6

Thousands of dfs of consistent columns are being generated in a for loop reading different files, and I'm trying to merge / concat / append them into a single df, combined:

combined = pd.DataFrame()

for i in range(1,1000): # demo only
    global combined
    generate_df() # df is created here
    combined = pd.concat([combined, df])

This is initially fast but slows as combined grows, eventually becoming unusably slow. This answer on how to append rows explains how adding rows to a dict and then creating a df is most efficient but I can't figure out how to do that with to_dict.
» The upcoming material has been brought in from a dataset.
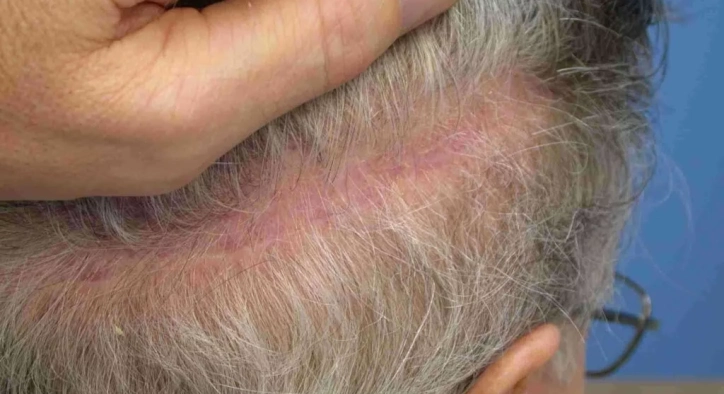 Was Verursacht Shock Loss Nach Einer Haartransplantation? Bildet Er Sich Von Selbst Zurück?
What's a good way to to this? Am I approaching this the wrong way?

3 Answers3

10

The fastest way is building a list of dictionaries and building the dataframe only once at the end:

rows = []

for i in range(1, 1000):
    # Instead of generating a dataframe, generate a dictionary
    dictionary = generate_dictionary()
    rows.append(dictionary)

combined = pd.DataFrame(rows)

This is about 100 times faster that concatenating dataframes, as is proved by the benchmark here.

Francesco Pasa
  • 511
  • 6
  • 14
7

You can create list of DataFrames and then use concat only once:

dfs = []

for i in range(1,1000): # demo only
    global combined
    generate_df() # df is created here
    dfs.append(df)

combined = pd.concat(dfs)
jezrael
  • 822,522
  • 95
  • 1,334
  • 1,252
2
  • Use concat only once at the end.
  • Sort the index of each DataFrame. In my production code this sort didn't take long yet reduced the processing time of concat from 10 + seconds to less than one second!

dfs = []

for i in range(1,1000): # demo only
    global combined
    df = generate_df() # df is created here
    df.sort_index(inplace=True)    
    dfs.append(df)

combined = pd.concat(dfs)
ChaimG
  • 7,024
  • 4
  • 38
  • 46